When there is too much cholesterol circulating in the blood, it can build up in the artery walls. The fatty deposits (plaques) can cause narrowing and blockage of blood vessels that carry blood to the heart muscle.
This is called atherosclerotic cardiovascular disease (ASCVD) or coronary heart disease. It is a risk factor for coronary heart disease events such as heart attacks.
Can statins reverse plaque buildup?
Yes, by lowering LDL levels (bad cholesterol levels) in the blood, statins can reverse plaque buildup and help stabilize existing plaques. These drugs can also reduce the risk of pieces of plaque breaking off to form blood clots.
Blood clots can potentially cause coronary and cardiovascular events such as a heart attack or stroke.
What medications reduce calcium score?
If your coronary artery calcification score is very high, your healthcare provider may prescribe lipid-lowering therapy, such as statins, and clot-dissolving medications, such as aspirin.
Statins are often prescribed to people with high cardiac calcium scores. Reducing cholesterol leads to a stabilization of atherosclerotic plaques and an increase in the coronary artery calcium (CAC) score.

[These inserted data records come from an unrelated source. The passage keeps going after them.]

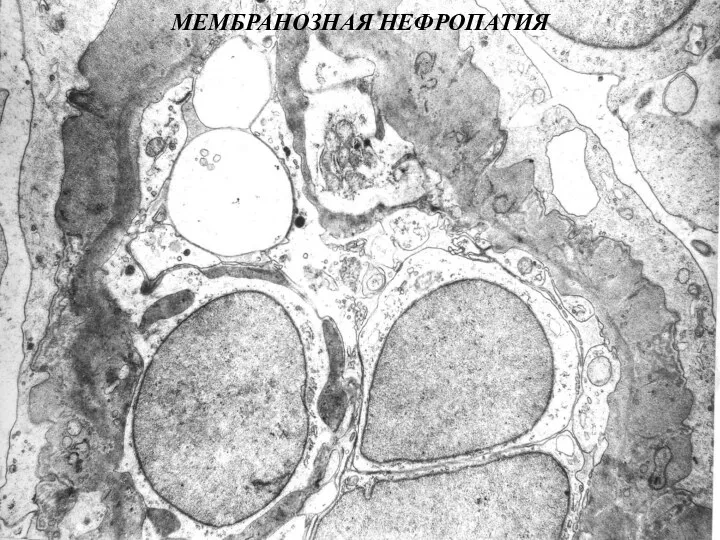 МЕМБРАНОЗНАЯ НЕФРОПАТИЯ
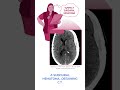 Diagnostics On Demand Subdural Hematoma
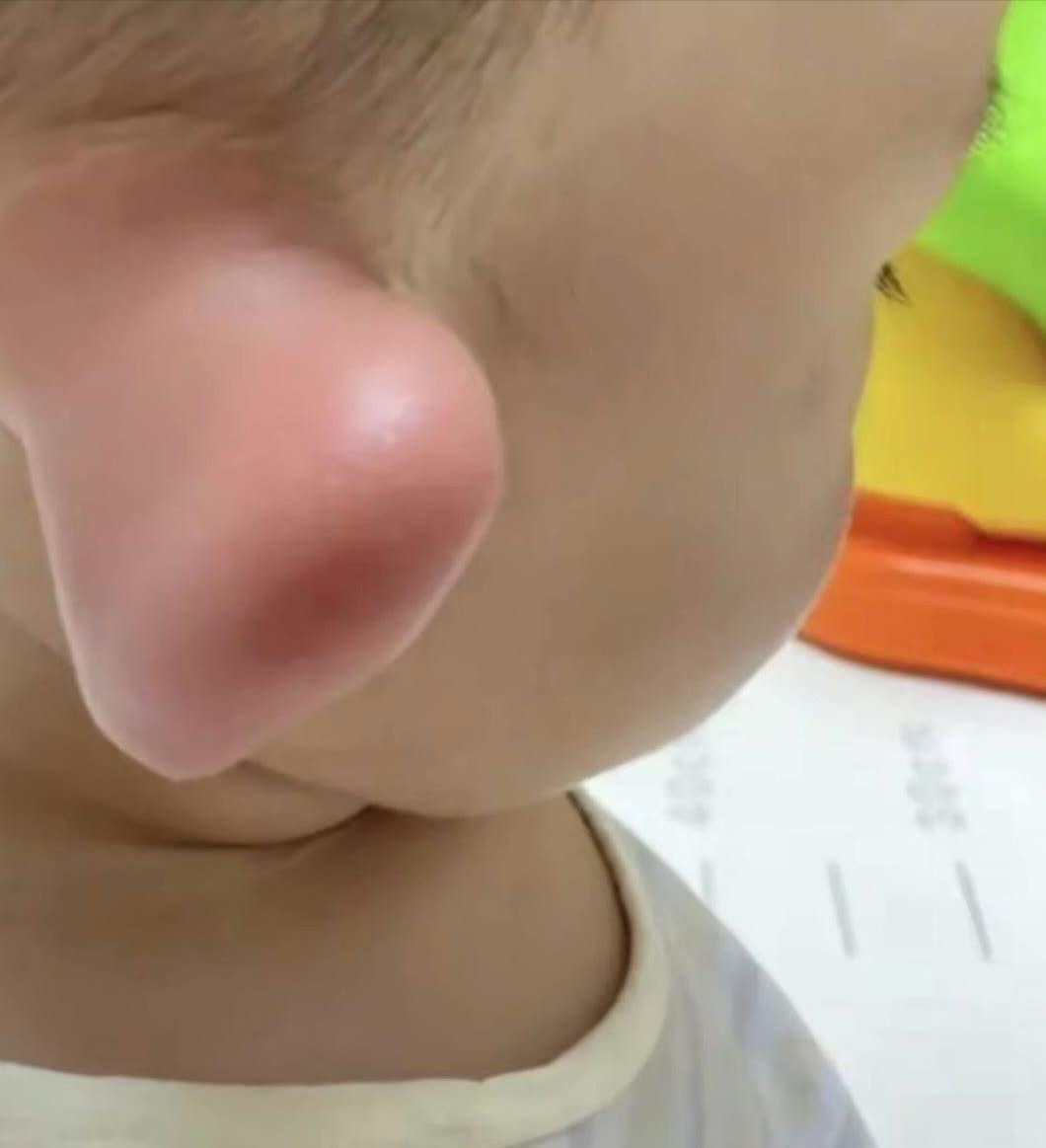 今天在医院里,看见一个小孩,他的耳朵大的出奇,是因为生病红肿了吗?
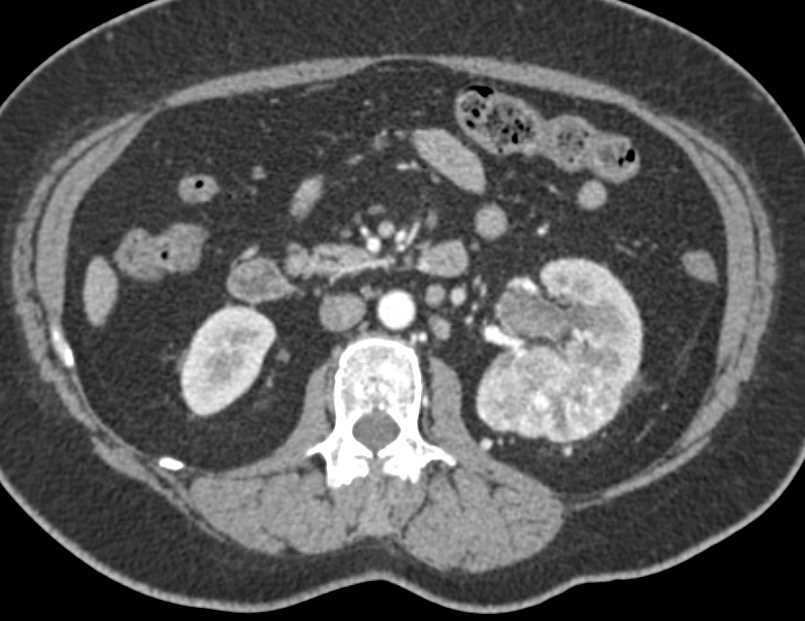 Clear Cell Renal Cell Carcinoma (CCRCC) Left Kidney - CTisus CT Scan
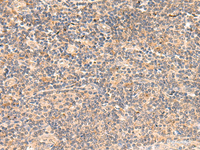 Immunohistochemistry of paraffin-embedded Human tonsil tissue using TEAD3 Polyclonal Antibody at dilution of 1:50 (×200)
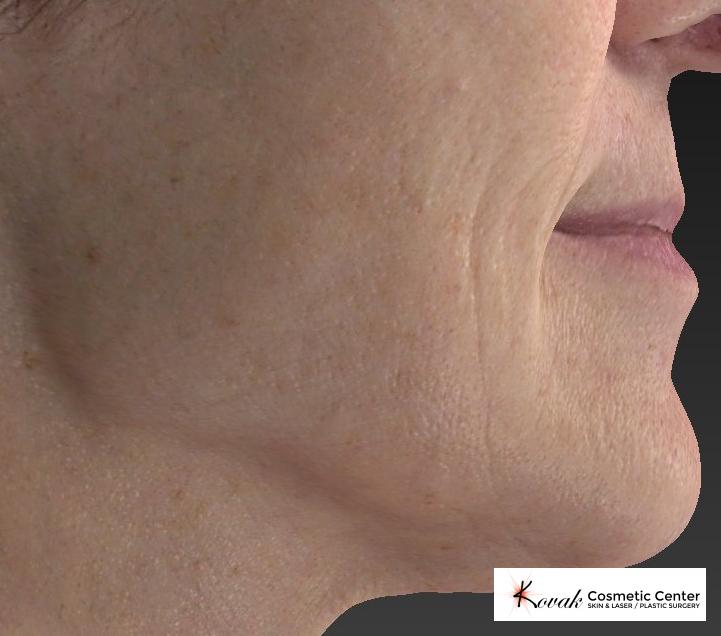 Restylane® Silk: Patient 2 - After 2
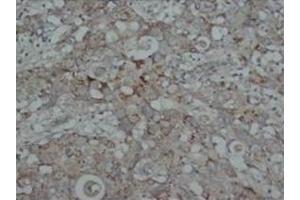Immunohistochemical analysis of parafin-embedded human intestine cancer tissue sections using SMAD2/3 antibody (SMAD2 抗体  (N-Term))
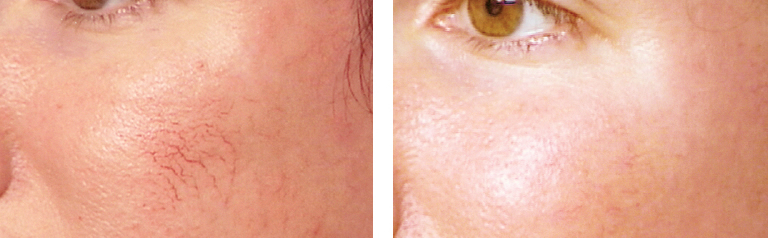 bệnh suy tĩnh mạch v&agrave; suy tĩnh mạch mạng nhện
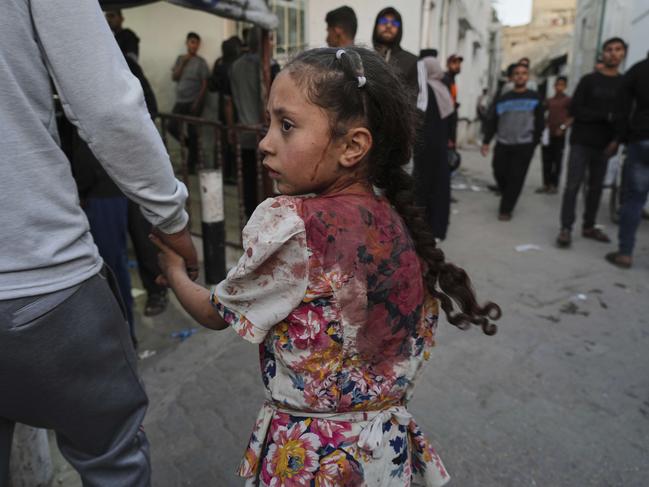 A young Palestinian girl injured in an Israeli air strike is brought for a treatment at the Baptist Hospital in Gaza City. Picture: AP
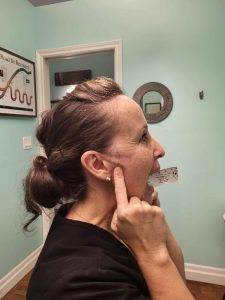 Dr. Maja measuring how wide she can open her jaw.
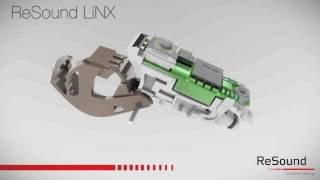 How to change housing on ReSound LiNX 61 | For Professionals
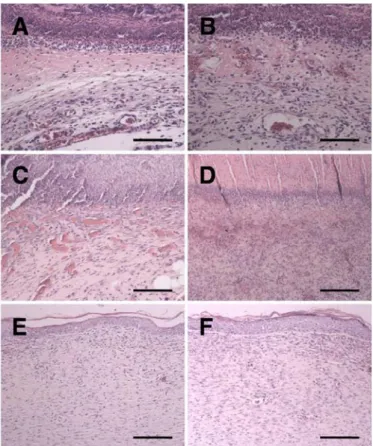 Figure  5.  Hematoxylin  and  eosin  stained  sections  of  the  wounded  skins  at  different  time  intervals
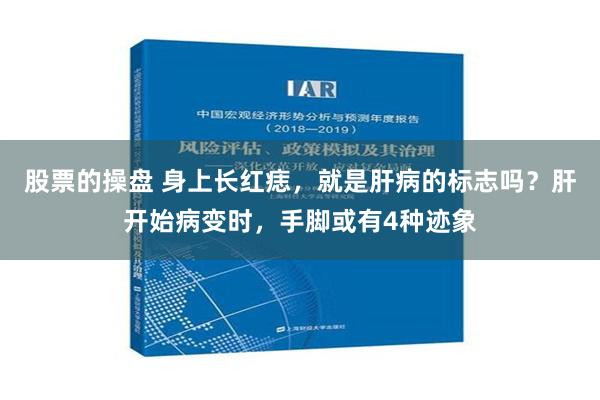 股票的操盘 身上长红痣，就是肝病的标志吗？肝开始病变时，手脚或有4种迹象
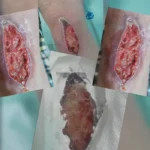 استخدام درمانگر زخم جهت کلینیک تخصصی در تهران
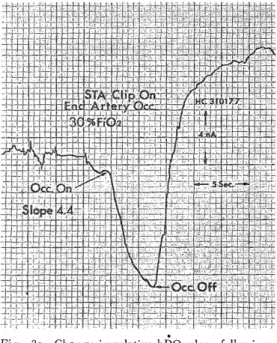 Fig. 3b  Change in  relative slope (increased)  in        002  following temporary occlusion of small 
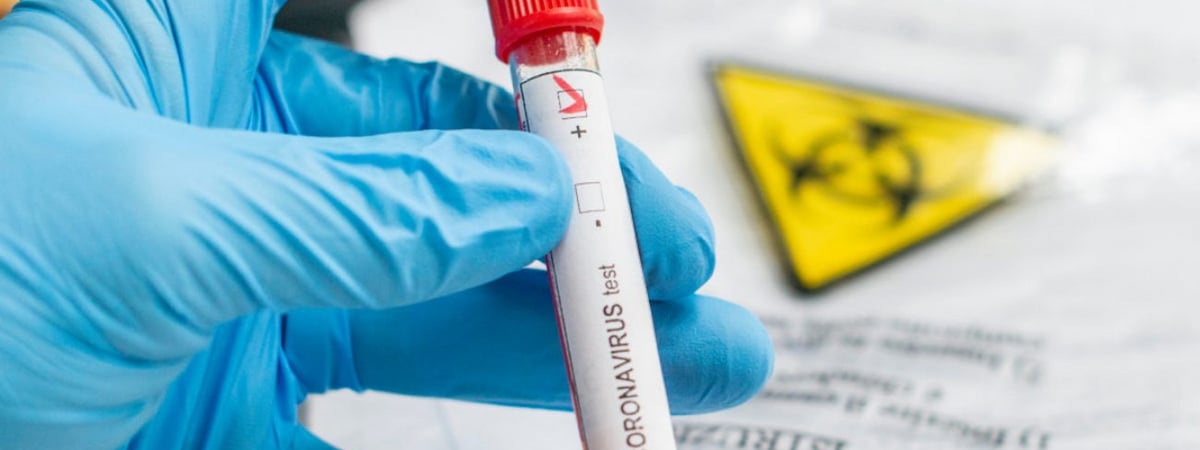 В Беларуси выявили новый вариант коронавируса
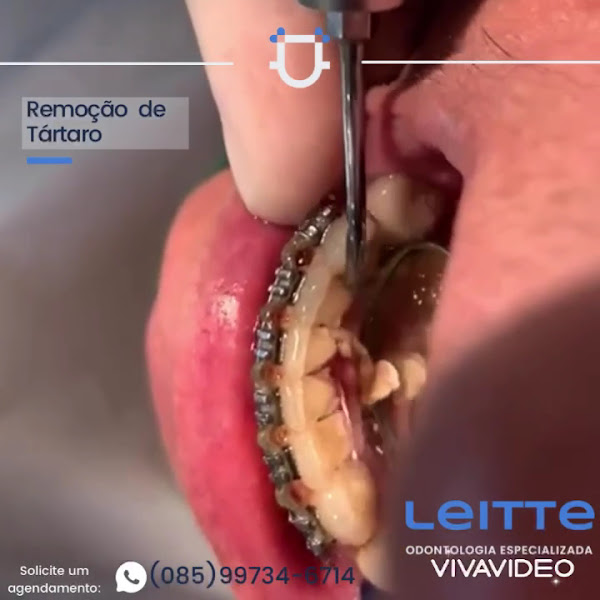 Foto 3 de Leitte Odontologia Especializada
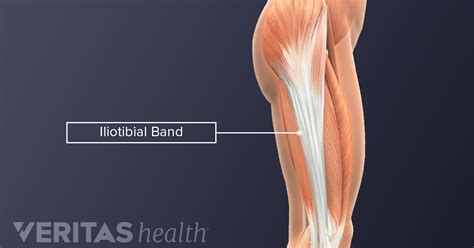 Proximal It Band Syndrome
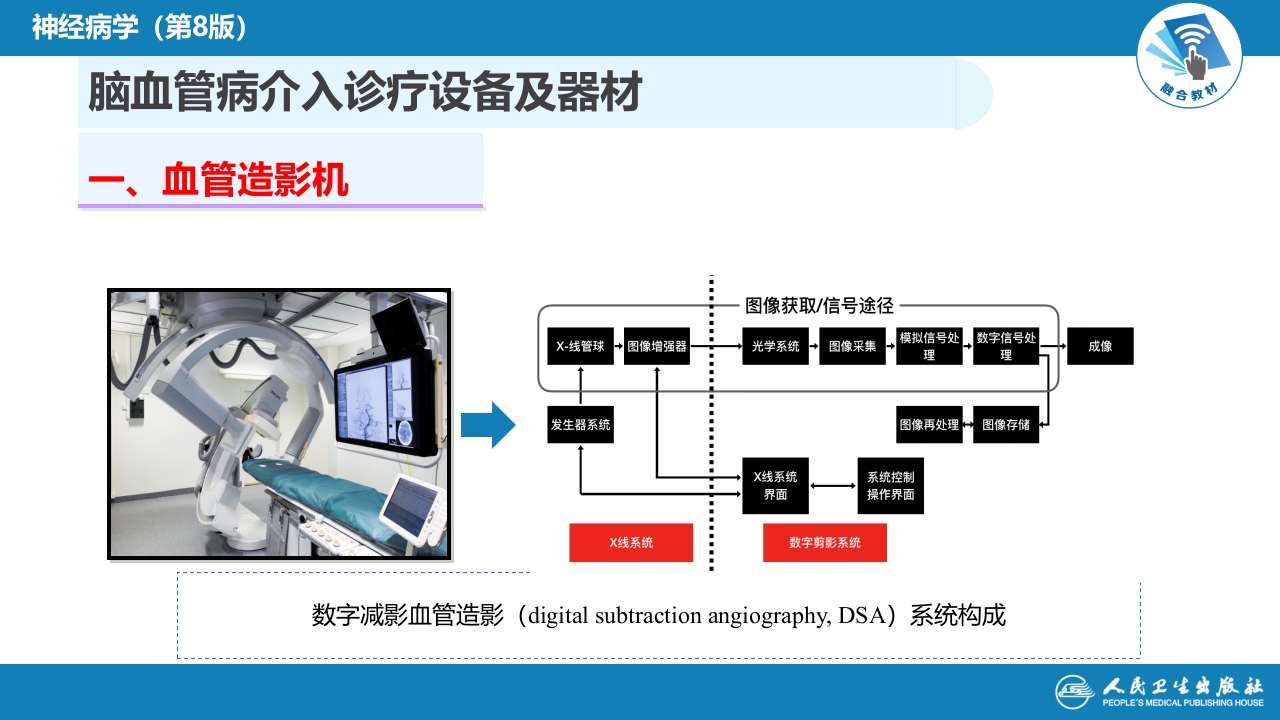 第十章 脑血管病的介入诊疗（2）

Clinical practice guidelines for a high CAC score also include surgical procedures to remove plaque from the heart and lower the score.
Your healthcare provider may recommend surgical procedures such as coronary stenting or a heart bypass surgery if the plaque buildup is severe.
Once you have successfully reduced your CAC score, you should address the root causes of your high CAC score. This includes lifestyle changes and managing health conditions that can lead to coronary artery calcification.
What is a calcium score?
A cardiac calcium score is used to measure coronary artery calcification, i.e., deposits of calcium in the heart arteries. It helps to assess a person’s risk of cardiovascular events such as heart attacks.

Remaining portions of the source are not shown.